Writing was his "déformation existentielle", as he once said, and literature was a form of questioning - also of himself. He was always prepared to expose himself personally, politically and literarily in public. In doing so, he always made himself vulnerable. From time to time, he reacted to criticism provoked by himself with palpable hurt. The controversy with Christoph Blocher, who in 1997 described him as a traitor to the country, remains in his memory. His far-reaching reaction in "O my homeland" then earned him criticism in turn.

Lesser known site

In 2022, filmmaker Erich Schmid juxtaposed this well-known side of the intellectual Muschg with his documentary "Muschg - The Other". A trip to Japan serves as a cinematic bracket. His half-sister Elsa Muschg, the author of the Hansi and Ume stories, paved the way for him.

At the beginning of the film, the author reads from his book "Return to Fukushima". From there, the journey leads back to his childhood, to his father, who was already 60 years old when he was born, and to his mother, who was plagued by severe depression. Muschg speaks here of his devastated family with analytical wisdom and not without bitterness.

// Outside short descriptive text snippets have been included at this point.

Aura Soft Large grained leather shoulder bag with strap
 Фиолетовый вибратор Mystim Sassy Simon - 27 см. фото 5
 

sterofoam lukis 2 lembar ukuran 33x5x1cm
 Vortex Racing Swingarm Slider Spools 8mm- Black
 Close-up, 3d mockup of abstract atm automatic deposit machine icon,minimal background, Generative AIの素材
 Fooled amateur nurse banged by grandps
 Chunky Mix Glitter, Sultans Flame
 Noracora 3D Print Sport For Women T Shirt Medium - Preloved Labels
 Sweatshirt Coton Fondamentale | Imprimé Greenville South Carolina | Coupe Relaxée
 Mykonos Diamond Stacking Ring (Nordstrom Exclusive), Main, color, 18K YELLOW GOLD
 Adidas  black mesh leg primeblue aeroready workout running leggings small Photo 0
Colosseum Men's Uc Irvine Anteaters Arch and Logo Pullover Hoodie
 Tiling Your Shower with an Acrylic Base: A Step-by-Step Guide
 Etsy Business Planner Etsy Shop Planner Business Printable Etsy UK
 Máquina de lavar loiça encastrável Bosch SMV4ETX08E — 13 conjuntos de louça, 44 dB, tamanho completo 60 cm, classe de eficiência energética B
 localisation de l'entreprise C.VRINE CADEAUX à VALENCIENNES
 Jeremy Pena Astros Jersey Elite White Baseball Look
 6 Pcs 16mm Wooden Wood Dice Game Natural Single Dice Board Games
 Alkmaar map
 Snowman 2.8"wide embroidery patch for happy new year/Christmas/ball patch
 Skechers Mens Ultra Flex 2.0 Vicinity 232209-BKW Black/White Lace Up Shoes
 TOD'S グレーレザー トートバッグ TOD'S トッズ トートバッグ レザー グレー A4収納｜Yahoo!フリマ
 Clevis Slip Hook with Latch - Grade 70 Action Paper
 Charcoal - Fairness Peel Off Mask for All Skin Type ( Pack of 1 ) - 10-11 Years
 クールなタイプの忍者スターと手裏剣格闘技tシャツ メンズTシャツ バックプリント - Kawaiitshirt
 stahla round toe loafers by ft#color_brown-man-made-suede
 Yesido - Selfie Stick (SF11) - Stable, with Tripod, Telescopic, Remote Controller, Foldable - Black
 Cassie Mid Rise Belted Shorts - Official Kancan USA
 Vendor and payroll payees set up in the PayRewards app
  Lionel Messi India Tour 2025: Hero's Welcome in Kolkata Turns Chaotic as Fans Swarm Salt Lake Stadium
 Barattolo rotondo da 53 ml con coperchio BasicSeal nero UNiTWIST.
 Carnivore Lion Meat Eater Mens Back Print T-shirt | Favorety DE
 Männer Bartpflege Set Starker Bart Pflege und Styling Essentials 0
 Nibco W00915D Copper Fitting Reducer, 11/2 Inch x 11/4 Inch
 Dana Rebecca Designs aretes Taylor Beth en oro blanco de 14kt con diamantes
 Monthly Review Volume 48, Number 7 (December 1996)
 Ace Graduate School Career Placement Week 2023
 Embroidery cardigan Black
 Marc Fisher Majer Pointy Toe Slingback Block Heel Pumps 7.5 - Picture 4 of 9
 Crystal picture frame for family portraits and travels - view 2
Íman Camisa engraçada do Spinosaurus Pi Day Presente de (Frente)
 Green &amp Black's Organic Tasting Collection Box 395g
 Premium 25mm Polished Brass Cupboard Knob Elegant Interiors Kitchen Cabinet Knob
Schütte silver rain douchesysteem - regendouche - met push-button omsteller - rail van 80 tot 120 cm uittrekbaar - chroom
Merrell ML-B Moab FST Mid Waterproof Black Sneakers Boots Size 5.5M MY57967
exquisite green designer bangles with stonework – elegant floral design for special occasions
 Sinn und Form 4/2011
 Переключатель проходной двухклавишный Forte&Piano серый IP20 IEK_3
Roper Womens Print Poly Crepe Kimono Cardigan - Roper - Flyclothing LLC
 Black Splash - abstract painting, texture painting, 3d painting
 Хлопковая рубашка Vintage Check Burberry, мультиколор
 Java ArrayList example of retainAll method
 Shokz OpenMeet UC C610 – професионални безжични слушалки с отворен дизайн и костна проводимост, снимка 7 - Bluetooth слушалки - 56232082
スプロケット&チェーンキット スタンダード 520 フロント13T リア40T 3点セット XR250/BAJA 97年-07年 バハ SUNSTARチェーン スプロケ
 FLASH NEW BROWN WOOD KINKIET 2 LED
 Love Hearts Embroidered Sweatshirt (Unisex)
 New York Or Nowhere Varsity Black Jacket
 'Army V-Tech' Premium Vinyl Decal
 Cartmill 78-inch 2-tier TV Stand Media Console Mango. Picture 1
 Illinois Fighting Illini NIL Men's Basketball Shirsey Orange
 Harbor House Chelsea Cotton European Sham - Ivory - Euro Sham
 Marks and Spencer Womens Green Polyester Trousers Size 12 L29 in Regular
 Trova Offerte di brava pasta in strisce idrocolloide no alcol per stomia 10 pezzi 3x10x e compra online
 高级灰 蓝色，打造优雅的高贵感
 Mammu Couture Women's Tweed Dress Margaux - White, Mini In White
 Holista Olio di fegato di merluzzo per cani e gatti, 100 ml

The film concludes with a visit to a temple in Kyoto. It shows Muschg getting to know himself in Japan. His literary works play a subordinate role. In "Der weisse Freitag" (2017), he himself wrote that his texts do not come to terms with himself, because "purity is a cold zone". More important than the literary works are the people, as Muschg himself remarks at the end of the documentary on a park bench: the people who have allowed him to "live well with myself".